NEONScience / NEON-utilities

Utilities and scripts for working with NEON data. Currently: an R package with functions to join (stack) the month-by-site files in downloaded NEON data, to convert data to geoCSV format, and to download data from the API.
GNU Affero General Public License v3.0
57 stars 36 forks source link

zipsByURI not unzipping with new raw DNA sequence file format #93

Closed lstanish closed 4 years ago

lstanish commented 4 years ago

Function zipsByURI()

Describe the bug The function only looks for .tar.gz sequence files, however the newly formatted per sample files are in the .gz format, which is not compatible with the script as written.

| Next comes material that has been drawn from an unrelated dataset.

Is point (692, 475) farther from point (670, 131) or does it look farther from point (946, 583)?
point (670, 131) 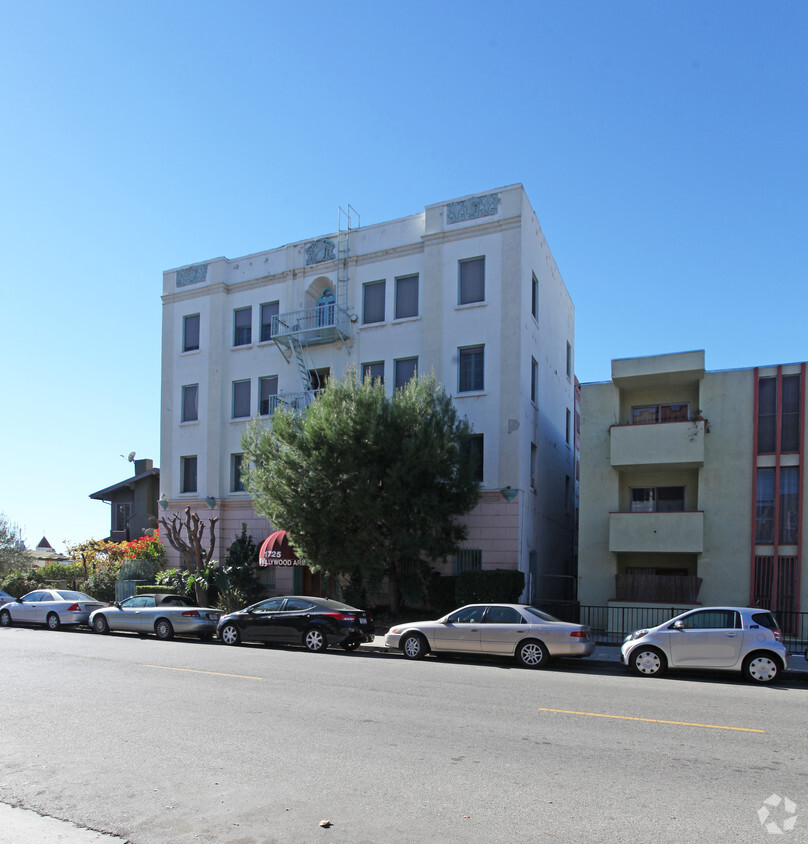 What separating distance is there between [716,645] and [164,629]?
13799 mm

When I add a code chunk to the existing function, I can successfully download raw sequence files in either the .tar.gz or .gz compressed formats. After Line 123 (the .tar.gz code chunk), the following chunk can be added:

else if (unzip == TRUE && (grepl("\.fastq\.gz", i)) ) { R.utils::gunzip(paste(savepath, gsub("^.\/", "", i), sep = "/"), remove=FALSE) if (!saveZippedFiles) { unlink(paste(savepath, gsub("^.\/", "", i), sep = "/"), recursive = FALSE) } }

To Reproduce run this code to download some mmg metadata: test <- loadByProduct(dpID="DP1.10108.001", site="CPER", package = 'expanded', check.size = F, startdate ="2014-01, enddate = "2014-02) download rawDataFiles and variables file into a folder, called "testRun/" for the zipsByURI function. Then run: zipsByURI("path/testRun/")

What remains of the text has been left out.